AIM OF THE EXERCISE: After locating the line that contains "Poster Citation d'amour/de" in the data below, set down exactly that line and each one after it through the line that contains "Burberry Quilted Gabardine", and nothing more.

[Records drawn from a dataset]
****

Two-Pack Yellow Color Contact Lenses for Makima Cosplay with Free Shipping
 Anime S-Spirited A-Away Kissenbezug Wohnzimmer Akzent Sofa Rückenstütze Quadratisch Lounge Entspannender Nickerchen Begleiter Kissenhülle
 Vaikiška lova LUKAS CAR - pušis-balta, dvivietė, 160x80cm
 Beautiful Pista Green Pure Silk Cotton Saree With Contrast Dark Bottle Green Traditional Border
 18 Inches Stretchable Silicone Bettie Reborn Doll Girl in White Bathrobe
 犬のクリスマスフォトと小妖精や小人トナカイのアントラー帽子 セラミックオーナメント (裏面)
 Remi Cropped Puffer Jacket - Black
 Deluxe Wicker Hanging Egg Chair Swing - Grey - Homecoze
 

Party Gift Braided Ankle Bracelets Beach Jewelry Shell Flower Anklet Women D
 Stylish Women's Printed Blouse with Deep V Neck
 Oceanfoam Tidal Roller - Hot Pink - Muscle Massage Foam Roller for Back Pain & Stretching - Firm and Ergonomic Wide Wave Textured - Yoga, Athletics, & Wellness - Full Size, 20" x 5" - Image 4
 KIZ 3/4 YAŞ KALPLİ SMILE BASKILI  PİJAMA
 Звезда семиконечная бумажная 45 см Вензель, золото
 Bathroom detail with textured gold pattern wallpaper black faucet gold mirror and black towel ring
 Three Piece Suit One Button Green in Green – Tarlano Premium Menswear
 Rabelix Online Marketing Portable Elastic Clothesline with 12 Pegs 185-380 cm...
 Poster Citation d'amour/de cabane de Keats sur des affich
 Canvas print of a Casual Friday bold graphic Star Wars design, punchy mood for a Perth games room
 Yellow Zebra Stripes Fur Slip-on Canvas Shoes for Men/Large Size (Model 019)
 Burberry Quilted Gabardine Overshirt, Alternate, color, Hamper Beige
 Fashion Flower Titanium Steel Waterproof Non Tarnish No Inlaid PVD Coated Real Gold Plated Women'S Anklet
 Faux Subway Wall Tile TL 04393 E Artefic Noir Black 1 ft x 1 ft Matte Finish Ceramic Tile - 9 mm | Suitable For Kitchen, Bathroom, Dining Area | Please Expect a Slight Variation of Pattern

****

RESULT OF THIS EXERCISE:
 Poster Citation d'amour/de cabane de Keats sur des affich
 Canvas print of a Casual Friday bold graphic Star Wars design, punchy mood for a Perth games room
 Yellow Zebra Stripes Fur Slip-on Canvas Shoes for Men/Large Size (Model 019)
 Burberry Quilted Gabardine Overshirt, Alternate, color, Hamper Beige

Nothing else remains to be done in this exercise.